Jan,

> On Aug 22, 2023, at 4:07 AM, Jan Lindblad <j...@tail-f.com> wrote:
> The recommendation I would give for modeling bit fields with reserved bits is 
> to not model them as the YANG bits type.

I think I've unfortunately caused this thread to fork in a non-productive 
fashion. The unknown-bits proposal discusses primarily what to do about 
unassigned bits in flags fields.

Similar considerations in terms of NBC modeling for the contents of RESERVED 
fields similarly apply.  I'm going to reply to the remainder of this message 
solely from that context.


> Even if, on the protocol level of whatever it is that we are managing, some 
> uint16 is divided up into three well defined bit fields and have another few 
> bits reserved for future use, that is no strong reason for selecting the bits 
> type in the YANG representation of this functionality.

I would not make that recommendation.  Unless you know the underlying contents 
are a given type, something that handles representing that state opaquely is 
the best you can do.

> YANG works best when those three currently defined bit fields are defined as 
> three separate YANG leafs.
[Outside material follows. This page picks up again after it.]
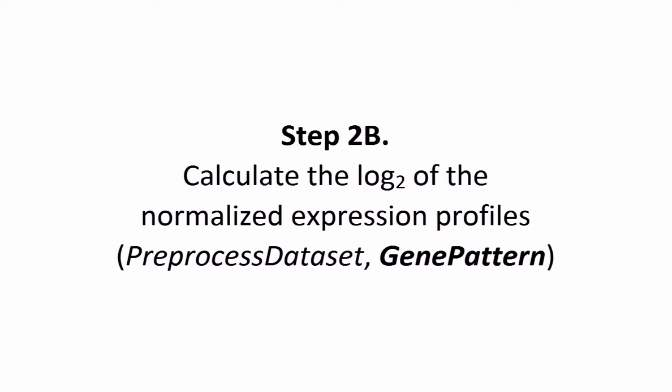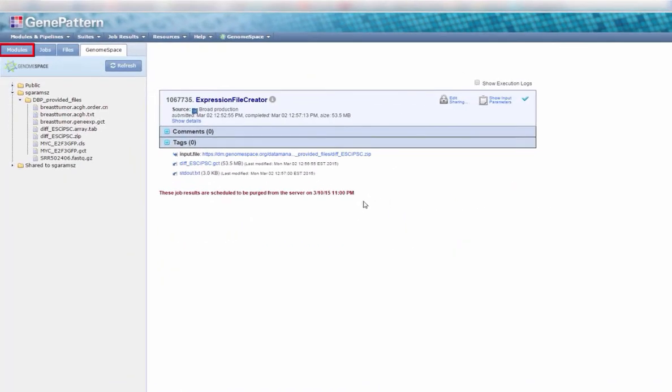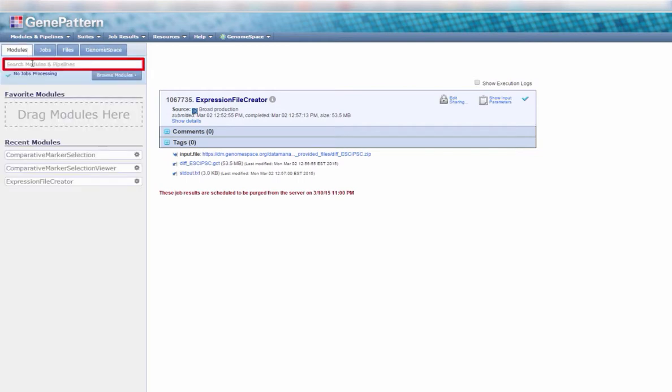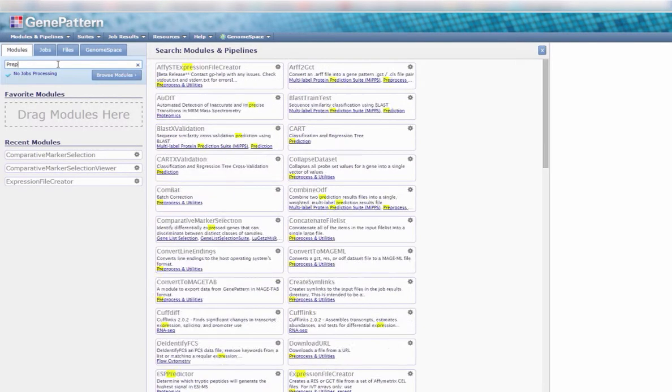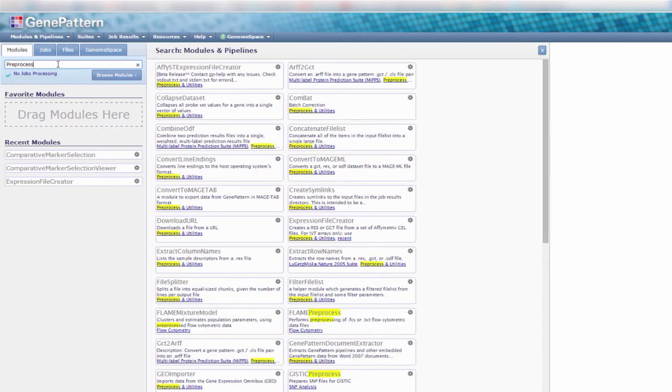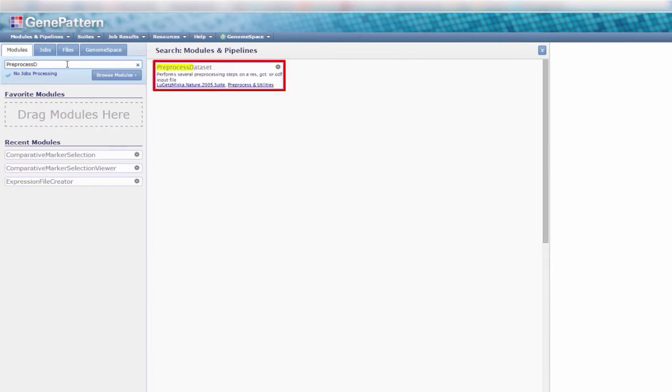Step 2b. Next, we calculate the log of the normalized expression profiles using the Preprocessed Dataset module in GenePattern. In the Modules tab, either search or browse for the module Preprocessed Dataset and select it from the slide-out menu.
Logically, that is what they are. Three separate 
> quantities. Later, when some of the reserved bits are taken to good use, 
> another YANG leaf that declares the new functionality can be easily added to 
> the next version of the YANG in a backwards compatible way. The new leaf 
> could even have an if-feature statement, so that clients can identify server 
> support up front. Or use the YANG choice statement to describe how various 
> fields exist on condition that certain other leafs have some specific value.

This is fine.  As you slice off portions of reserved for new state, you add new 
leaves that model that new state appropriately.

What remains unanswered is what you'd do if you wanted to model the contents of 
that RESERVED field over the transition process.  Let's do a single theoretical 
iteration:

Our mythical protocol has a 16-bit RESERVED field that is octet-aligned in the 
PDU, just to make this easy.

If the model author wanted to represent the contents of that field at all for 
state purposes, how best to model that?  Some options:
1. We know it's 16 bits, so just make it a uint16.
2. We don't like 1 because uint16 implies that it has a type, so we model it as 
a bounded hex-string.
3. We don't like the IETF hex-string format because the consumer of this thing 
is a machine rather than a human, so we make it a bounded binary.

All three of these are fine.

An update to the protocol then slices off the lower octet for a new field 
that's a uint8 type.  We can model that as a new leaf fine.

What then of the "reserved" leaf?  Some impacted properties:
1. It's no longer describing 16 bits of data.  At best, it describes the 16 
bits of data that now includes the new leaf.  You have overlapping noise in the 
model.
2. You shouldn't shrink the existing leaf as that's NBC.
3. It's arguable you don't want to mask out the new field from the reserved 
field as that's exactly as NBC as the bits conversation we're having.

Other options?
1. Obsolete the existing leaf, create a new one.  reserved2, reserved-20230813, 
reserved-iana-foo...
1a. pray that you don't have the options to have forking features.  If so, you 
might end up in combinatoric if-feature hell if you wanted to capture the 
various options.
2. Leave it alone.  It's historical noise, even though the property impacts 
above are relevant.
2a. When all of the reserved space is finally allocated, obsolete the leaf.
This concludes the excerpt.